▶ [DATASET]
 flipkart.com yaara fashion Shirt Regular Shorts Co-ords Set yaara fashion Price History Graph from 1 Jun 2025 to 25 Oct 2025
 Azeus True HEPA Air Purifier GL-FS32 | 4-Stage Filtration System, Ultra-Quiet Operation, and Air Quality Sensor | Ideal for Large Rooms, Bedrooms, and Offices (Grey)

==

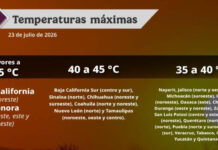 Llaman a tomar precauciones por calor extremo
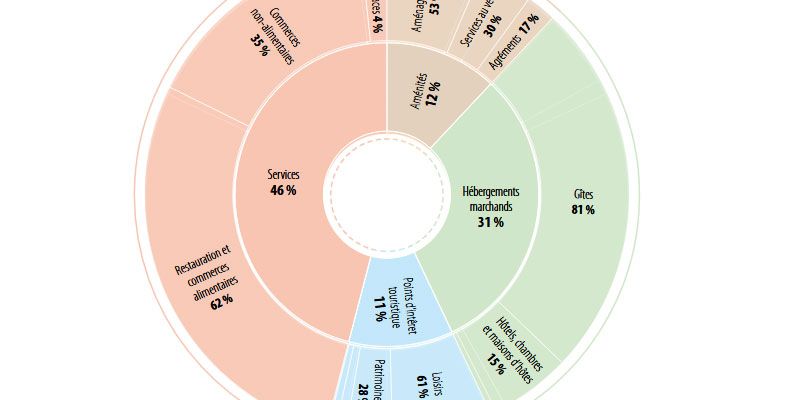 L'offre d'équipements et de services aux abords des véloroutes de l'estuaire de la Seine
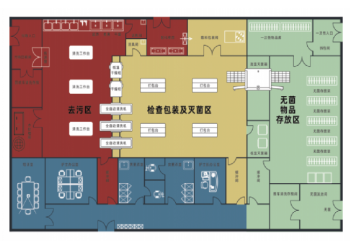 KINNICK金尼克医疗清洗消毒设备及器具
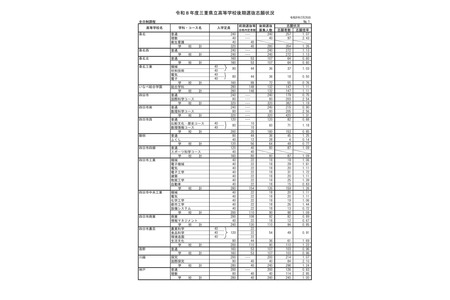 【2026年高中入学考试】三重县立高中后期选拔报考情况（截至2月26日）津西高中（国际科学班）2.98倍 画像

▶ [AIM OF THE TASK] Reproduce the lines of the entries above from the one with "flipkart.com yaara fashion" to the one with "Azeus True HEPA", both included, exactly and without any other line.

▶ [EXERCISE RESPONSE]
 flipkart.com yaara fashion Shirt Regular Shorts Co-ords Set yaara fashion Price History Graph from 1 Jun 2025 to 25 Oct 2025
 Azeus True HEPA Air Purifier GL-FS32 | 4-Stage Filtration System, Ultra-Quiet Operation, and Air Quality Sensor | Ideal for Large Rooms, Bedrooms, and Offices (Grey)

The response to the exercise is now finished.